• Problem details
After locating the line with "Anniyo Jamaica Map" in the data that follows, return it and every later line exactly, up to and including the line with "حافظة حماية شاشة".
─── Source records ───
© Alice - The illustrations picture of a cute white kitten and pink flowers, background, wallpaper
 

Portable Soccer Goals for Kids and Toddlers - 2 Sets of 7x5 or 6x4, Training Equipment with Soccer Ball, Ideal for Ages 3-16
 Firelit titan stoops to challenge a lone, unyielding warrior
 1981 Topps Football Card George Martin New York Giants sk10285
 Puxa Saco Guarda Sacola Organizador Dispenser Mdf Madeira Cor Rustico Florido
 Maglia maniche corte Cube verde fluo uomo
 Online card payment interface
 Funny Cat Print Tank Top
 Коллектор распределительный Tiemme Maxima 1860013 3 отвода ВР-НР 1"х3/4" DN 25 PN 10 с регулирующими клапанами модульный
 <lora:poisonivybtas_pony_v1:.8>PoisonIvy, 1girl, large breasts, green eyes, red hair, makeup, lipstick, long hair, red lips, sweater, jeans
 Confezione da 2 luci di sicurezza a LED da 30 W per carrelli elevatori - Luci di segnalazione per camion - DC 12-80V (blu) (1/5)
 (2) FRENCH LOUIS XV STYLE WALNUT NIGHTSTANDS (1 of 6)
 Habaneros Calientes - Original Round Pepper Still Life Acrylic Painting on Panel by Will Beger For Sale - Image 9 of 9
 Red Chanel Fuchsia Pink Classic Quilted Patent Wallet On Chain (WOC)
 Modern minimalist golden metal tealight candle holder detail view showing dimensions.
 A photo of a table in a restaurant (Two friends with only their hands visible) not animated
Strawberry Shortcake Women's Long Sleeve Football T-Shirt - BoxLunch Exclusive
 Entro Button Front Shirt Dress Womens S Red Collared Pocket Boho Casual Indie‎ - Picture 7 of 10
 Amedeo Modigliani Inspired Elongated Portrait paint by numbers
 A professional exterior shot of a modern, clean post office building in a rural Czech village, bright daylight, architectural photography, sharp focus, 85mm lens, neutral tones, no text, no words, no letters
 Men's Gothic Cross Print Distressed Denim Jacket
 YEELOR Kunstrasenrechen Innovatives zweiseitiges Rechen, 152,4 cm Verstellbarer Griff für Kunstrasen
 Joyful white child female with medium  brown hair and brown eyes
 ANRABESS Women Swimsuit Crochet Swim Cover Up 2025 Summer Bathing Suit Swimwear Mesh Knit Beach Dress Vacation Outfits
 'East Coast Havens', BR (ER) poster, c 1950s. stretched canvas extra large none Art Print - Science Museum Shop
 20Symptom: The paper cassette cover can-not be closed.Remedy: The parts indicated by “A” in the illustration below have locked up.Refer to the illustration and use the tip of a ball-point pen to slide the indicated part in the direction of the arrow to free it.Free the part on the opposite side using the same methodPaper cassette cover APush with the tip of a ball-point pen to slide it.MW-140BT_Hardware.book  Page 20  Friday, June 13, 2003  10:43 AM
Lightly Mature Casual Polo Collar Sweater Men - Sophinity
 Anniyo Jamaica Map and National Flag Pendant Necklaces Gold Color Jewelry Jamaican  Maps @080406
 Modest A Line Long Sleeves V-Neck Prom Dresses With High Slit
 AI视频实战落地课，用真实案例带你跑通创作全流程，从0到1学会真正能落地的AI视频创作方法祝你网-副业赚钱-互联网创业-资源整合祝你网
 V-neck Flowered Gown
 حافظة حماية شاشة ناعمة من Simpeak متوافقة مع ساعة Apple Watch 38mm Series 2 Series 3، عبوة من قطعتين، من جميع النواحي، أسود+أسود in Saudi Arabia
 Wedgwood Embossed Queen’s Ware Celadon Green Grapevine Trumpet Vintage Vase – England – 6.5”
───
• Written reply
 Anniyo Jamaica Map and National Flag Pendant Necklaces Gold Color Jewelry Jamaican  Maps @080406
 Modest A Line Long Sleeves V-Neck Prom Dresses With High Slit
 AI视频实战落地课，用真实案例带你跑通创作全流程，从0到1学会真正能落地的AI视频创作方法祝你网-副业赚钱-互联网创业-资源整合祝你网
 V-neck Flowered Gown
 حافظة حماية شاشة ناعمة من Simpeak متوافقة مع ساعة Apple Watch 38mm Series 2 Series 3، عبوة من قطعتين، من جميع النواحي، أسود+أسود in Saudi Arabia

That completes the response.